3. INFER the cofunction connection

• From the cofunction identity: \(\mathrm{tan}(\beta) = \mathrm{tan}(90° - \alpha) = \mathrm{cot}(\alpha)\)
• So we need to find \(\mathrm{cot}(\alpha)\) instead of \(\mathrm{tan}(\beta)\) directly

4. INFER the reciprocal relationship

• Since cotangent is the reciprocal of tangent: \(\mathrm{cot}(\alpha) = \frac{1}{\mathrm{tan}(\alpha)}\)
• Therefore: \(\mathrm{tan}(\beta) = \mathrm{cot}(\alpha) = \frac{1}{\mathrm{tan}(\alpha)}\)

5. SIMPLIFY the calculation

• Substitute the given value: \(\mathrm{tan}(\beta) = \frac{1}{\frac{3}{4}}\)
• To divide by a fraction, multiply by its reciprocal: \(\frac{1}{\frac{3}{4}} = 1 \times \frac{4}{3} = \frac{4}{3}\)

Answer: B. \(\frac{4}{3}\)

Why Students Usually Falter on This Problem

Most Common Error Path:

Weak INFER skill: Students don't recognize the cofunction relationship for complementary angles. They might think that if the angles are complementary, their tangent values should also be complementary in some way, leading them to guess that \(\mathrm{tan}(\beta) = \mathrm{tan}(\alpha) = \frac{3}{4}\).

This may lead them to select Choice A (\(\frac{3}{4}\)).

Second Most Common Error:

Poor SIMPLIFY execution: Students correctly identify that \(\mathrm{tan}(\beta) = \frac{1}{\mathrm{tan}(\alpha)}\) but make an arithmetic error when calculating \(\frac{1}{\frac{3}{4}}\). They might incorrectly compute this as \(\frac{3}{4} \div 1 = \frac{3}{4}\), or get confused about fraction division rules.
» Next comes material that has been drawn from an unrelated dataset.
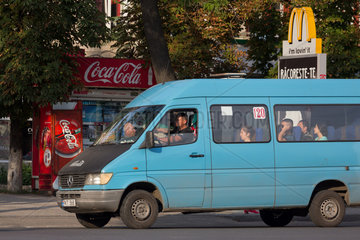 Chisinau  Moldau  Minibus vor Kiosk mit Coca-Cola-Reklame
This causes them to get stuck and guess among the remaining choices.

The Bottom Line:

Success on this problem requires recognizing that complementary angles create cofunction relationships in trigonometry. The key insight is that \(\mathrm{tan}(\beta) = \mathrm{cot}(\alpha)\), which transforms the problem from finding a new trigonometric value to simply taking the reciprocal of the given tangent value.